The bodies were retrieved Monday near the town.
The fire made it into Yarnell and destroyed an unknown number of homes and businesses. It has burned more than 13 square miles.
"Until we get a significant showing of the monsoons, it’s show time and it’s dangerous, really dangerous," incident commander Roy Hall said.
The National Fire Protection Association website lists the last wildland fire to kill more firefighters as the 1933 Griffith Park fire of Los Angeles, which killed 29. The biggest loss of firefighters in U.S. history was 343, killed in the 9/11 terrorist attack in New York.
In 1994, the Storm King Fire near Glenwood Springs, Colo., killed 14 firefighters who were overtaken by a sudden explosion of flames.
Television aerial video footage showed law enforcement vehicles patrolling Yarnell, driving streets with burned buildings on both sides.
As the blaze spread, people started fleeing, including Chuck Overmyer and his wife, Ninabill.
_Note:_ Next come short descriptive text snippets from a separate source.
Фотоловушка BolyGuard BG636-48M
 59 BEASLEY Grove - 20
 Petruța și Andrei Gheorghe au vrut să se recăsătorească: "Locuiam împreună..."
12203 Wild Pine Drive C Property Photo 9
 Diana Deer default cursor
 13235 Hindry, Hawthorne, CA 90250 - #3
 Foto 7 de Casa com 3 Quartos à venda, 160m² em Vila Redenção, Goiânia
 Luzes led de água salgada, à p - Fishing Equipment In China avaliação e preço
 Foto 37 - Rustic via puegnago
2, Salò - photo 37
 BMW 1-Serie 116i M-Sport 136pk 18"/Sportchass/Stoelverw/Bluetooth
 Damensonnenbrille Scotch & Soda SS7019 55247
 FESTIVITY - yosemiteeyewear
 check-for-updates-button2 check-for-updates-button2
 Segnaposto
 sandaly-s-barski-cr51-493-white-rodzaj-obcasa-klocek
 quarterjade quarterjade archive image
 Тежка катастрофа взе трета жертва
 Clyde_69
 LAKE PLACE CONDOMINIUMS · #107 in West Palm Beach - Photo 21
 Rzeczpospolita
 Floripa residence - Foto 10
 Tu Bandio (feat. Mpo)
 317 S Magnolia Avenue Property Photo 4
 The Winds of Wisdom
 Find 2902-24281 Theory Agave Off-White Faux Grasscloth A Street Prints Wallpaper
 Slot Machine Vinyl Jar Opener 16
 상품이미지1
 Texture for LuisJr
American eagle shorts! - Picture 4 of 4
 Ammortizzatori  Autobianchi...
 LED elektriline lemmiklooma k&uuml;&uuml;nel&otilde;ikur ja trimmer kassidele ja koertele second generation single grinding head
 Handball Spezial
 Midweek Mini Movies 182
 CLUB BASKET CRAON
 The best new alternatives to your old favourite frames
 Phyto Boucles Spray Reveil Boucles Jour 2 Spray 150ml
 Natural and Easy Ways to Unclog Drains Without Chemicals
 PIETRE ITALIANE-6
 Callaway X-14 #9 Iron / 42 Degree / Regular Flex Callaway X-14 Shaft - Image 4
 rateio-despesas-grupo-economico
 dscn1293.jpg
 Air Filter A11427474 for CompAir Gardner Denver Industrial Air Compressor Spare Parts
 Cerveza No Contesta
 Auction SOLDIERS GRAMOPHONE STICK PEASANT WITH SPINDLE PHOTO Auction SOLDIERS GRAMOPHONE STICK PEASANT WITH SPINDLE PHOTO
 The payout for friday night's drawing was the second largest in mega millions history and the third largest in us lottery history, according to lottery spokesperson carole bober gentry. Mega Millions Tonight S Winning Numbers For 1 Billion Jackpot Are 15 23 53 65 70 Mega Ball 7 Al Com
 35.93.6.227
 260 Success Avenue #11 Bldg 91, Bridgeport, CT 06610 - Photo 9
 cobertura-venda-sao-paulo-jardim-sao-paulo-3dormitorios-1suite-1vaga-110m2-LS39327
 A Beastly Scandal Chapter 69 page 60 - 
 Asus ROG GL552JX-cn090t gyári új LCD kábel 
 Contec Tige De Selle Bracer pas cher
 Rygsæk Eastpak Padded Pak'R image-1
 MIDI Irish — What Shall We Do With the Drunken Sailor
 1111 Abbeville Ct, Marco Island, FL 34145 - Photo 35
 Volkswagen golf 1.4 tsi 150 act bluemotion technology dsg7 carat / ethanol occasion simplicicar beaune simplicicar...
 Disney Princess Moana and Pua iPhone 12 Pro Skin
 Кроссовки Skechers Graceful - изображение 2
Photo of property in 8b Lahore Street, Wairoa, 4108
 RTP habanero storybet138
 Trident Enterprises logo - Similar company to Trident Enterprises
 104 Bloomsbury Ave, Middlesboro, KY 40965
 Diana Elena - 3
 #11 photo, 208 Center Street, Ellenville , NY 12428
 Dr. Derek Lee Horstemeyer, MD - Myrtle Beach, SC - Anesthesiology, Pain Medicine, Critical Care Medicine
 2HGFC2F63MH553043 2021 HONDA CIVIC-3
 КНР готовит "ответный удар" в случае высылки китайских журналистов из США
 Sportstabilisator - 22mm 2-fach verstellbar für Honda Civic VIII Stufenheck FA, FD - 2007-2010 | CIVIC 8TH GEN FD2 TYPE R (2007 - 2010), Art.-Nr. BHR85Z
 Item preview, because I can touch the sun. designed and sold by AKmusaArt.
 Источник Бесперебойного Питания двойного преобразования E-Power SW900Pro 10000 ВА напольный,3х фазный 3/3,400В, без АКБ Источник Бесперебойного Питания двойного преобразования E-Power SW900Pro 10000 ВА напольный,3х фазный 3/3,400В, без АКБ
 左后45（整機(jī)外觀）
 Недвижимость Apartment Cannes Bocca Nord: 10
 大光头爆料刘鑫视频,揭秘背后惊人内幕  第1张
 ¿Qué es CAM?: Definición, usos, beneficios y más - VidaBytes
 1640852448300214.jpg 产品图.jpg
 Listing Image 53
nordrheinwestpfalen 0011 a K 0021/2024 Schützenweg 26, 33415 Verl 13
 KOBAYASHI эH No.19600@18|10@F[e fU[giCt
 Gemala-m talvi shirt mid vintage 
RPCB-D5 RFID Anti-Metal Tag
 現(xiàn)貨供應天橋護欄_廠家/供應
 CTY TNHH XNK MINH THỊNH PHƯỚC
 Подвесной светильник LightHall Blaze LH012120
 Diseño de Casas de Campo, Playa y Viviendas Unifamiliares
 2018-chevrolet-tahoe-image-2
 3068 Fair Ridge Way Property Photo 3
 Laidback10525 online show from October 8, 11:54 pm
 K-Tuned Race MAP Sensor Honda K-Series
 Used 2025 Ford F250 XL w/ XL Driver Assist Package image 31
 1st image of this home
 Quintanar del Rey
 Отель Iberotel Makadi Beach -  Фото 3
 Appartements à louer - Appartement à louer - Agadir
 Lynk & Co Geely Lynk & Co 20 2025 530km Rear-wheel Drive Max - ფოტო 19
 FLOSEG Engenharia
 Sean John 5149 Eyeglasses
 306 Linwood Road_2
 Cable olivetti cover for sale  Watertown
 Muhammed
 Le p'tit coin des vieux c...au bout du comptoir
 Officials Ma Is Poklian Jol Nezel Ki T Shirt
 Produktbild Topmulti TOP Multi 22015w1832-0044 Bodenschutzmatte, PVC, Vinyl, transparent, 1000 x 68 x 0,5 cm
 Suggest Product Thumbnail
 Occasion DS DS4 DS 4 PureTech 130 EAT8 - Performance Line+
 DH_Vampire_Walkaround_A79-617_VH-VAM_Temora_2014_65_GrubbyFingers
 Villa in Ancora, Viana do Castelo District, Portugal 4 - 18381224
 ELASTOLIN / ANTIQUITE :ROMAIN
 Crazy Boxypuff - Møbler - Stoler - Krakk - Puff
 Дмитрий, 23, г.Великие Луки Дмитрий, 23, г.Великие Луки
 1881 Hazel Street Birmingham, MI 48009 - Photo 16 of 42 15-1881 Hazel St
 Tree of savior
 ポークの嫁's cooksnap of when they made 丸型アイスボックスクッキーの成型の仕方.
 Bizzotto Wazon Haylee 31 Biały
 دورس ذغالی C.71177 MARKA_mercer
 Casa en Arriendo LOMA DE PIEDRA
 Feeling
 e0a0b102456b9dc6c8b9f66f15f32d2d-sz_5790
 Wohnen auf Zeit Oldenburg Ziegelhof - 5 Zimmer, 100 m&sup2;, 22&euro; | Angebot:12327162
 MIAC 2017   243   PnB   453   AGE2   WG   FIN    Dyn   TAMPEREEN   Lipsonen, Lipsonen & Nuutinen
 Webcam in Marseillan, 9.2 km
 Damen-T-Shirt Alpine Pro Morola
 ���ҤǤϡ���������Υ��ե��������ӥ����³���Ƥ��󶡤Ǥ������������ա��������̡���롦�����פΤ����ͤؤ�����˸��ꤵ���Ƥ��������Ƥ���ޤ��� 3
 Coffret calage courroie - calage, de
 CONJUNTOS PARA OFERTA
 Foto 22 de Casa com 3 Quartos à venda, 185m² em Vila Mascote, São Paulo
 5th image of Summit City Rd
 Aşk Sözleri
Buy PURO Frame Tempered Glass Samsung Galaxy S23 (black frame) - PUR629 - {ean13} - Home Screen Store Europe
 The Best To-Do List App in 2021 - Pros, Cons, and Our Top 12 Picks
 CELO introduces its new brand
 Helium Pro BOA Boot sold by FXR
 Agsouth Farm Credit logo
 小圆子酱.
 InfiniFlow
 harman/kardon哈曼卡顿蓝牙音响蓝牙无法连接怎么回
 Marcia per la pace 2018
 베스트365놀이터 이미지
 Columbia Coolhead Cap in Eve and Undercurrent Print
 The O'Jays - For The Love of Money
They were helping friends leave when the blaze switched directions and moved toward his property. They loaded up what belongings they could, including three dogs and a 1930 hot rod, on a trailer.
As he looked out his rear-view mirror he could see embers on the roof of his garage.
"We knew it was gone," he said.
He later went to the Arrowhead Bar and Grill in nearby Congress, where he and other locals watched on TV as the fire destroyed his house.
The Red Cross opened two shelters in the area — one at Yavapai College in Prescott and the other in a high school gym.
Billeaud reported from Phoenix. Associated Press writers Brian Skoloff in Yarnell and Martin Di Caro in Washington also contributed to this report.
A look at deadly U.S. accidents involving fire crews
Here is a look at some of the deadliest U.S. tragedies to have claimed the lives of wildland firefighters, including the 19 killed in an Arizona blaze Sunday:
— June 30, 2013: Nineteen members of an elite crew are killed in a fire northwest of Phoenix that lit up the night sky in the forest above the town of Yarnell. The fast-moving blaze fueled by hot, dry conditions is the deadliest wildfire involving firefighters in the U.S. for at least 30 years.
— Aug. 5, 2008: Nine people were killed when a helicopter crashed shortly after taking off with a load of firefighters heading back to camp in Northern California. Seven of the dead were firefighters with Grayback Forestry Inc. The crew was fighting a forest fire on the Shasta-Trinity National Forest outside Redding, Calif.
— Aug. 24, 2003: Eight contract firefighters who had spent two weeks fighting an Idaho wildfire were killed on their way home when their van collided with a tractor-trailer and exploded into flames outside Vale, Ore. The firefighters, all men, worked for First Strike Environmental, a contract firefighting company and all were from Oregon.
— July 6, 1994: A blaze near Glenwood Springs, Colo., killed 14 firefighters who were overtaken by a sudden explosion of flames. The lightning-sparked Storm King Mountain blaze roared through shrubs as the firefighters scrambled uphill. Thirty-five firefighters on the mountain that day survived.
— June 26, 1990: The rapidly spreading Dude fire in the Tonto National Forest near Payson in eastern Arizona trapped 11 firefighters, killing six of them.
— July 9, 1953: The Rattlesnake fire in Southern California took the lives of 15 firefighters battling a blaze in Mendocino National Forest.
— Aug. 5, 1949 — The Mann Gulch fire near Helena, Mont., killed 12 smokejumpers and a forest ranger after they were overrun by flames. Their story was memorialized in the book “Young Men and Fire” by Norman Maclean, who also wrote “A River Runs Through It.”
— Oct. 3, 1933 — The Griffith Park wildfire in Los Angeles killed 29 firefighters.